Often repeated are my words during an earnings call in August 2007 that I did not expect
any realised, economic losses (as opposed to unrealized accounting losses) on this portfolio. I
meant exactly what I said in August 2007. The underlying loans in the CDOs were diversified,
and we insured only the super-senior tranche, which always had a AAA layer of loans below it. I
did not expect actual, economic losses on the portfolio. That said, I was truthful at all times
about the unrealized accounting losses and did my very best to estimate them accurately, in
consultation with others at AIG-FP, as well as with my supervisors, AIG’s senior accounting
staff, and its internal and external auditors.
What is also true is this: we were “long” the housing market through the CDS contracts
because we believed until late 2005 that banks and other mortgage originators were applying
appropriate standards when writing mortgages. When we recognised — well before many others
— that changes in the mortgage market likely presented increased risk for future deals, we
decided to exit the subprime business. We thought the decision was appropriate, despite the lost
profits at the time. With hindsight, the decision looks even more prudent.
You asked about the approval and monitoring system for the multi-sector CDS portfolio.
The approval process had several stages, and the AIG parent organisation reviewed every single
transaction under its promulgated standards.
The first stage in the approval process was internal at AIG-FP. Every proposed CDS
transaction first was reviewed by an experienced AIG-FP credit officer, who performed an
independent analysis of the proposed deal. The credit officer analysed the trade fundamentals,
the proposed terms and conditions, and the asset classes.
After that initial review, University of Pennsylvania Professor Gary Gorton, who served
as a consultant to AIG-FP, worked with our experienced analysts to refine the deal structure. To
complete this review, Professor Gorton used a sophisticated actuarial model to make sure the
proposed deal was fundamentally sound and to determine an appropriate attachment point. This
process was designed to minimize risk to AIG-FP.

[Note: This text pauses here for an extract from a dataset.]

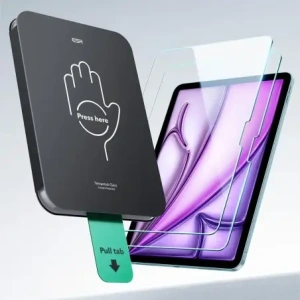 Hurtownia GSM - ESR Ultrafit Gehärtetes Glas Apple iPad Air 13" 2024 (6. Gen) / 13" 2025 (7. Gen) Klar [2 PACK] - ESR905 - {ean13} - Hurt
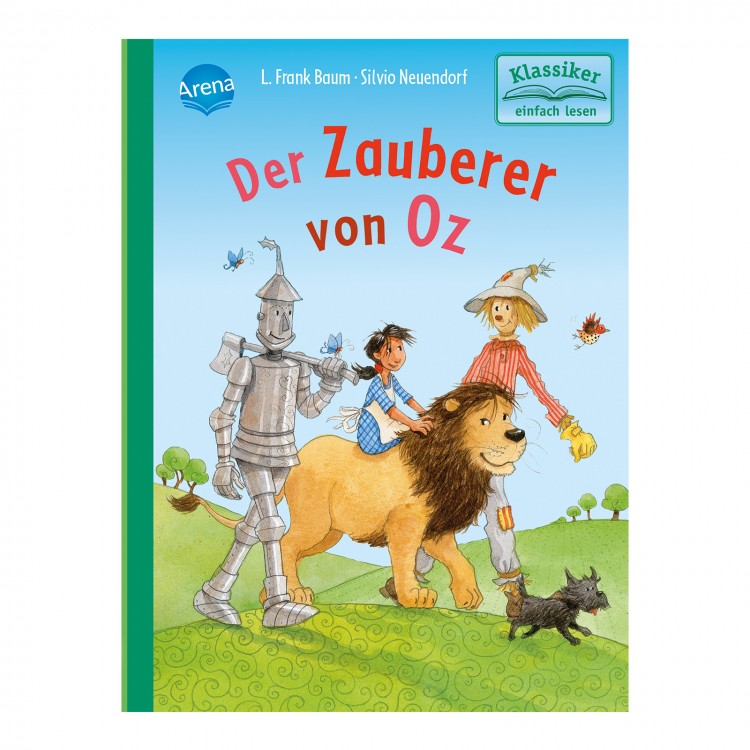 ARENA -  Kinderbuch Der Zauberer von Oz ab 6 Jahren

After AIG-FP reviewed a transaction, it could not be executed without AIG’s specific
review — and only upon its approval. AIG’s credit risk officer, part of AIG’s Credit Risk
Committee (“CRC”), which was, in turn, part of AIG’s Enterprise Risk Management group
(“ERM”), first reviewed a detailed memorandum about the transaction. The CRC consisted of
many of AIG’s most senior and experienced employees, including its CFO, Head of Enterprise
Risk, Chief Credit Officer, Vice President for Financial Services, and the Vice Chairman for
Investments. Each memorandum provided an overview of the proposed transaction, including a
description of the CDO structure, its assets and liabilities, and the terms of the proposed CDS.
The memorandum also specifically identified risk factors and provided an analysis of those risks.
Virtually every deal, including all CDS transactions above $250 million, required the CRC’s
approval, and the rare transaction with a net notional exposure of more than $5 billion also
required approval from either AIG’s Chief Executive Officer or AIG’s Chief Risk Officer. AIG’s
Chief Credit Officer oversaw this review.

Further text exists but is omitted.